どんどん私と距離を詰めてくる三井先輩の口調が荒くなって、私の身体が扉近くの壁と三井先輩に挟まれる。後ずさる様にして壁に背中をもたれると、ドンッと三井先輩の拳が私の顔横の壁に置かれて思わず瞼を強く瞑ると「なんなんだよ...」と少し掠れた様な、いつもよりも震えた様な三井先輩の声が聞こえた。薄く瞼を持ち上げると、三井先輩の瞳が私を捉えていることに気がついて、身動きが取れなくなる。息遣いでさえも、見られている様な気がして思わずグッと息を呑んだ。ここまでされる程、嫌われているんだろうか。なんて思えば思うほど、私の気分は落ち込んで、三井先輩の事を真っ直ぐ見れなくなって、なのに、瞳を逸らしたくなくて...。『す、きです』と、不意に口から漏れた言葉に自分で驚くほど、自然と口から漏れてしまった。三井先輩は一瞬だけ驚いた様な顔をして見せたけれど、すぐに眉を寄せながら瞳を細めて「まだ、言ってんのかよ」と声を震わせながら私を見つめる。それが、怒っているからなのか、はたまた呆れているのか、それともウザったいだとかを思っているのか、そんな事私には分からなくて、三井先輩の瞳を見つめながら『あの日、助けてもらってからずっと...三井先輩の事が好きでした』と声を絞り出しながら呟いた。三井先輩は一瞬言葉を詰まらせた様に口をつぐんで、瞳を少しだけ揺らすと「助けた...?」と戸惑った様に私に問いかける。

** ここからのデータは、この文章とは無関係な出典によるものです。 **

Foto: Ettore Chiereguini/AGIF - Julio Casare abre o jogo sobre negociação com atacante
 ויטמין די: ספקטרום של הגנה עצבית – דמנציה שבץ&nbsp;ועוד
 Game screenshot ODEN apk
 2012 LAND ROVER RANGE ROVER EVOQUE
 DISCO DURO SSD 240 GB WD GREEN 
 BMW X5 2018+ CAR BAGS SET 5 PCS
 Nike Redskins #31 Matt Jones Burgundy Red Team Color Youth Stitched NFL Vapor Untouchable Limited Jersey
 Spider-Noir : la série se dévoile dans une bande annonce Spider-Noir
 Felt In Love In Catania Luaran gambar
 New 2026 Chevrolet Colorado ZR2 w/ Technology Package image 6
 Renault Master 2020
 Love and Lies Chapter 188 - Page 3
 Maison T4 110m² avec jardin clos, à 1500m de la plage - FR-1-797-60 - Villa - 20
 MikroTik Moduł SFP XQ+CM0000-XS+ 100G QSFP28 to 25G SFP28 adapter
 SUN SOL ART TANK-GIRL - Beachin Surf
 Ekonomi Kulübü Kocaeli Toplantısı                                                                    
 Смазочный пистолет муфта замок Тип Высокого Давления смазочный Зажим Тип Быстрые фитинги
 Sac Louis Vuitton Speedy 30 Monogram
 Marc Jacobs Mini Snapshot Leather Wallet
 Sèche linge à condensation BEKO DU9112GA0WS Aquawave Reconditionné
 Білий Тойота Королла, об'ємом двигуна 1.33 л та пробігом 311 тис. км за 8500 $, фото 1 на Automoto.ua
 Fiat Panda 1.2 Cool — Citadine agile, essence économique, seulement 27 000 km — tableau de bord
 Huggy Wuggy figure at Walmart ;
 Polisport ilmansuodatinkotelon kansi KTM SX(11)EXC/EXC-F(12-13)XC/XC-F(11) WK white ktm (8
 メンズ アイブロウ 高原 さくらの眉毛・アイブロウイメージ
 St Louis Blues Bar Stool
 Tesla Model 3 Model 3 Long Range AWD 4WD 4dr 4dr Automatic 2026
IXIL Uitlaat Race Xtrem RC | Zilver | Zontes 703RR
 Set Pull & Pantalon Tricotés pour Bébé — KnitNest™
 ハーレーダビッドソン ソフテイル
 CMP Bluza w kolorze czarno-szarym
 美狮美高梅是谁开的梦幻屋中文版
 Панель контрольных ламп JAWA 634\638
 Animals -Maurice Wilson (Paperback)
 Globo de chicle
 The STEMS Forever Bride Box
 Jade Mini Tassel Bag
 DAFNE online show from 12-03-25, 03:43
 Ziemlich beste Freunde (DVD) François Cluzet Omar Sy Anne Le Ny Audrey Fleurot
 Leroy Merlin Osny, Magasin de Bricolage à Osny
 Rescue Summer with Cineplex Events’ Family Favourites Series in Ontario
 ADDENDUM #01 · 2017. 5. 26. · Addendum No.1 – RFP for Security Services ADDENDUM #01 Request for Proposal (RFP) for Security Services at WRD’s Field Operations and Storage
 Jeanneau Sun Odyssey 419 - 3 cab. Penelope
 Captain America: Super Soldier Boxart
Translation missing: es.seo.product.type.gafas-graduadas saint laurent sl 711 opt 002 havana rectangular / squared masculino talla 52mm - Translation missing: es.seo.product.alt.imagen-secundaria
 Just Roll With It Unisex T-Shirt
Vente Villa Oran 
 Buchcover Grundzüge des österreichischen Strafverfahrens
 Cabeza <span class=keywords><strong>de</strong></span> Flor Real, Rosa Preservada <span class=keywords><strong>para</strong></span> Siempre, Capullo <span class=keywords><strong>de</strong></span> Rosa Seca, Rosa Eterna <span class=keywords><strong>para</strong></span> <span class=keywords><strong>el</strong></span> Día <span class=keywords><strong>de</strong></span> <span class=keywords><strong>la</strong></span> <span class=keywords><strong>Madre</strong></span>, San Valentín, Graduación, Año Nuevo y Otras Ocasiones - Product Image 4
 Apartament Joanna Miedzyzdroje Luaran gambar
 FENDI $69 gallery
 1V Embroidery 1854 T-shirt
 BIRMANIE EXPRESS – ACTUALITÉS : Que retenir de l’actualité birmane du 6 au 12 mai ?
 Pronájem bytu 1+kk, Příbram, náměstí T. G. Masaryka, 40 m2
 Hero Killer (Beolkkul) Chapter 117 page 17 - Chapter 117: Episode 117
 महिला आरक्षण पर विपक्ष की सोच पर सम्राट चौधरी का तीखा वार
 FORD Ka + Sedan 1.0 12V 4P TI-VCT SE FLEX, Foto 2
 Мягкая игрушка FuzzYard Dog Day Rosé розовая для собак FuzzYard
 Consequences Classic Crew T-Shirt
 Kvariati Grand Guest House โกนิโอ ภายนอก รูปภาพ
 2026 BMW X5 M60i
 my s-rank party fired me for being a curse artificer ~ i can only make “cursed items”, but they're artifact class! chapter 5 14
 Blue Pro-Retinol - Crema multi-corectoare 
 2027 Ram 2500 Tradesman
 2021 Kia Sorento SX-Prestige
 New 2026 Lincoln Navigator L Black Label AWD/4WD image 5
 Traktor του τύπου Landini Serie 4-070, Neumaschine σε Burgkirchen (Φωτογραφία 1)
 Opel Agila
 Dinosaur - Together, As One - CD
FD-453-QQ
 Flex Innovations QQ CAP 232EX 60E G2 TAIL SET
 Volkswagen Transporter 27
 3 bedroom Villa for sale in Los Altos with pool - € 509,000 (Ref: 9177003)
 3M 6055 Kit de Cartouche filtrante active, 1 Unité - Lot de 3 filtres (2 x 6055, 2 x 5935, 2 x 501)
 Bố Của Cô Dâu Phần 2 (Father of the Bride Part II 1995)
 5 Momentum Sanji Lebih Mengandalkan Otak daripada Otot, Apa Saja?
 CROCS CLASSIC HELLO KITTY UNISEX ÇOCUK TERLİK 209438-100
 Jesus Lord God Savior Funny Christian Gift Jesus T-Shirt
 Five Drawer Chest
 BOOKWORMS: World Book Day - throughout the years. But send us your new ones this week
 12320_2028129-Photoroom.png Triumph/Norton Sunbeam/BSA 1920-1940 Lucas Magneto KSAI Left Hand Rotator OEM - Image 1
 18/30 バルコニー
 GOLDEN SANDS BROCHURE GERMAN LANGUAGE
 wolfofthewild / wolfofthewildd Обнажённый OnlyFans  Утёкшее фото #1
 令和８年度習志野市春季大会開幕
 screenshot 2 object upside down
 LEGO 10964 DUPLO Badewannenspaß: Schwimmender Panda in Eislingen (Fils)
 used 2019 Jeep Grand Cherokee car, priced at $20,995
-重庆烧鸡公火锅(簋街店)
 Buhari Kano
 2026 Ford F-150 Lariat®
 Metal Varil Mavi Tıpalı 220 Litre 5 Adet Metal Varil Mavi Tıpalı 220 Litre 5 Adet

『三井先輩は...覚えてないかもしれないですけど...私が入学して少し経った頃に...不良に絡まれたところを助けてもらってて...』

「...」

『それから、ずっと...三井先輩が、す、好きでした...』

「...宮城は?」

『え...?』

「宮城と、付き合ってんだろ?」

『えっ...?や、ちがっ...!宮城くんとはそう言うのじゃなくて...』

「あ?」

『わっ...私が、三井先輩の事好きって知ってるので...その、応援してくれてただけと言うか...全然...ただ友達、ってだけで...』




緊張のせいか、三井先輩が近いせいか、上擦った声で説明していると妙に恥ずかしくなってきて自分の顔がどんどん熱くなっていくのが分かった。恥ずかしさから両手で顔を煽って少し下を向くと同時に頭上から三井先輩の大きなため息が聞こえて、思わず身体が強張っていく。あぁ、呆れられている。これで振られるならもう、本当にダメだろうな。と、言うかやっぱり、私なんかじゃ...やっぱり...。なんて落ち込む様な言葉ばかりが頭を掠める。三井先輩は「お前さ...マジで馬鹿だろ...」とため息混じりに呟いてから「山田」と私の名前を優しく呼んだ。三井先輩の手が私の手首を掴むと、私の顔を覆っている手をどかしながら「こっち向けよ」と先ほどとは違った、いつもの優しい三井先輩の声が頭上から聞こえる。三井先輩の手に掴まれた手首からジワリと熱が広がる様に熱くなって、心臓がバクバクと煩く音を立てながら私の身体中に響き渡って「山田、こっち向けって」なんて三井先輩の言葉に、"もしかしたら"を期待してしまう。おずおずと顔を上げると、三井先輩の熱い様な、鋭い様な、だけどどこか優しい様な、そんな瞳と視線が絡まる。その瞳の意味が、同情だとか、これから断るから少しでも優しくしようだとか、そんな意味合いなのかが分からなくて、三井先輩が何を考えているのか全然、分からない。




言葉なんて期待してない
(期待してない、筈なのに...なんで...)




『あ、の...やっぱり...迷惑、ですか...?』

「は?」

『もう振られてるのに、もう一回告白って...それに三井先輩...着替えてたところでしたし...それに...』

「山田」

『わ、たし...宮城くんが好きって、嘘ついて三井先輩に近づきましたし...ストーカー、みたいですよね...で、も...』

「山田、おま、も...良いから。ちったー黙れよ」




何故だか笑み混じりの三井先輩の言葉に口をつぐむしかなかったのは、三井先輩の唇が私の唇に触れたからであって、何で三井先輩とキスをしているのか頭で処理しようとしても出来なくて、私は静かに瞼を閉じた。私の手首を掴んでいた三井先輩の手が滑る様に私の指に絡んでくると、酷く胸が切なくなって思わず絡んだ指に力を込めていく。前と何ら変わらないキスを、している筈なのに"誰でもいいんだよ" "お前じゃなくても"なんて言葉を無意識に頭の中で反芻してしまって、そのキスの意味が余計に分からなくなった。